NATA or the JEE Mains Paper 2 exam are prescribed by the Council of Architecture as a compulsory criterion for taking admission to any Architectural College or course in India.

Scheme of examination 

 National Aptitude Test in Architecture (NATA) is being conducted by the Council of Architecture at national level for admission to 5 year B.Arch Degree Course at all recognized institutions across India. 
 NATA scores are used by admissions authorities of different Government, Govt. Aided & Unaided schools / colleges of Architecture. 
 The test measures drawing and observation skills, sense of proportion, aesthetic sensitivity and critical thinking ability. 
 The test is in two parts: The first part is a paper based drawing test and the second part is an online test with multiple choice questions on Physics, Chemistry, Mathematics and General Aptitude Test.
Nata is held as a one day examination, twice a year, across the country.
The Duration of Nata exam is of 3 hours and total marks for the exam is out of 200.
Aspiring candidates can register themselves on http://nata.in/ by filling in the Nata online application forms.
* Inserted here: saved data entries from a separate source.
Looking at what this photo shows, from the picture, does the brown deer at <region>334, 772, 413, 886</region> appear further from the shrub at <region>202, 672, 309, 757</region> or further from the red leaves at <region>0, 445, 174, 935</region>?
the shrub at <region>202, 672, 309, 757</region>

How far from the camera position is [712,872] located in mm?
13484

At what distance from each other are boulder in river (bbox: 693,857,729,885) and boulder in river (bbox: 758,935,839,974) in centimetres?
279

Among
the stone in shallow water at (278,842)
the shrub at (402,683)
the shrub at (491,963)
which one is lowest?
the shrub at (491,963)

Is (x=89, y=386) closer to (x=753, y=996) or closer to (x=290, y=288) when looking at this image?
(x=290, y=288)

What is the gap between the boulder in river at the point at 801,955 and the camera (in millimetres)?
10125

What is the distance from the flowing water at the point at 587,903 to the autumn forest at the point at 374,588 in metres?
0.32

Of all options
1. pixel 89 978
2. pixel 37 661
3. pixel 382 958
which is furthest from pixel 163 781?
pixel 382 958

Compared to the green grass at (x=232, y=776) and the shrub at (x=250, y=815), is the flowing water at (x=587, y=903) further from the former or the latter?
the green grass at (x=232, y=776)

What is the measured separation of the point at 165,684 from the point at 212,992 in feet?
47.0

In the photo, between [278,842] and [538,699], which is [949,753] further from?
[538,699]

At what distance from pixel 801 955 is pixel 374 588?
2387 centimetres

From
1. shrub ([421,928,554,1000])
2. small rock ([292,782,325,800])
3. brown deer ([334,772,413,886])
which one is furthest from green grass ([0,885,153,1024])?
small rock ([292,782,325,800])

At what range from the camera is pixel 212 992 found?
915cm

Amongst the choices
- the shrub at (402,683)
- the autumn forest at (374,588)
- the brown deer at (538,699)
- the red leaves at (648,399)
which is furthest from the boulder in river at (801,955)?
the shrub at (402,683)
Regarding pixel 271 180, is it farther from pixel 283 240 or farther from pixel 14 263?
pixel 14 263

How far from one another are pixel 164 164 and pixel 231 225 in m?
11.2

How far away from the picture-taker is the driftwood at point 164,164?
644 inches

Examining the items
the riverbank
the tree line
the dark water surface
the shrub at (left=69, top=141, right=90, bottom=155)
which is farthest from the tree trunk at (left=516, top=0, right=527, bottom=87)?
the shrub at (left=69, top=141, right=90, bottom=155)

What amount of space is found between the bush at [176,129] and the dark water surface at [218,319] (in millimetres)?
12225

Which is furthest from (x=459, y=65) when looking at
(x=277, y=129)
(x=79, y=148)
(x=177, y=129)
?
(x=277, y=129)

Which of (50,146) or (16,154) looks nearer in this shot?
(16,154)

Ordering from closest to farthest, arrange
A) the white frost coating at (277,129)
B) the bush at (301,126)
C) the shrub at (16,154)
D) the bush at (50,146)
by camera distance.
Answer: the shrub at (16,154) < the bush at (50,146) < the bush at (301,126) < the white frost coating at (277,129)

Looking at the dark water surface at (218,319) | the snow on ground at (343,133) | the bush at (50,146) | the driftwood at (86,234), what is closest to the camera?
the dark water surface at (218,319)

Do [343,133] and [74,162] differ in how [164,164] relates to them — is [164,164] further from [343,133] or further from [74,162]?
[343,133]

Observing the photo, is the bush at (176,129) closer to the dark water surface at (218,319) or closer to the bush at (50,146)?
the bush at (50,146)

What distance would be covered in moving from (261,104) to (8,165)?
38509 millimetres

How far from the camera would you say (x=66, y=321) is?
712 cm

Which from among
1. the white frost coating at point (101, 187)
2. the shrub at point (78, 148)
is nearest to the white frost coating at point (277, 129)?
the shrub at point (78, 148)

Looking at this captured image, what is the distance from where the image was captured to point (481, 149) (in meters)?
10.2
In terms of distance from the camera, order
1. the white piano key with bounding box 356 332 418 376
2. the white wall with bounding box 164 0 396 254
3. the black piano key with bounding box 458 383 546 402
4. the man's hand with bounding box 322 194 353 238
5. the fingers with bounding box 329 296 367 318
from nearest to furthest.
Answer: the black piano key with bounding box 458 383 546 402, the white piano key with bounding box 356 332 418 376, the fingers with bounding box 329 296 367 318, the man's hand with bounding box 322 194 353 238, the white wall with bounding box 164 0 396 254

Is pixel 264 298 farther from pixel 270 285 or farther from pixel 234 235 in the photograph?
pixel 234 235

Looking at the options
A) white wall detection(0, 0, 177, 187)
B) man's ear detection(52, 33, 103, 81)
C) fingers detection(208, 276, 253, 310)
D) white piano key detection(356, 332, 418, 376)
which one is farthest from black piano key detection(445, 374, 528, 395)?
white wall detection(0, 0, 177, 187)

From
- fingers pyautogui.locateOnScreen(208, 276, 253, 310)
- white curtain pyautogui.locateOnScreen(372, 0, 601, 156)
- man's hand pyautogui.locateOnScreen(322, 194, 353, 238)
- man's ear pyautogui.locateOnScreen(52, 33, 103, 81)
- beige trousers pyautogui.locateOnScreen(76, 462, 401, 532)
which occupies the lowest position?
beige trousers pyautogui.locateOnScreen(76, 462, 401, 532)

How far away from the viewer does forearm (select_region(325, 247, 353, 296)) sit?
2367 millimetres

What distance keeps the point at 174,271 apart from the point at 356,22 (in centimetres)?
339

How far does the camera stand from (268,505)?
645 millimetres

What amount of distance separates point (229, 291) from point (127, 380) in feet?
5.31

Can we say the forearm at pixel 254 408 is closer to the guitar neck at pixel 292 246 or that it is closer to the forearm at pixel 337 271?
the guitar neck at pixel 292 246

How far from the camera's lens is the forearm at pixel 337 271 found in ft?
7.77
Eligibility required for NATA 
Candidates who have passed 10+2 or appearing in 10+2, with at least 50% marks in Physics, Chemistry and Maths and also 50% marks in aggregate or passed/appearing 10+3 Diploma exam with Maths as compulsory subject with at least 50% marks in aggregate. For SC/ST, OBC-NCL and PwD category, a 5% relaxation in marks is provides in 10+2 level/10+3 diploma level  and also in PCM.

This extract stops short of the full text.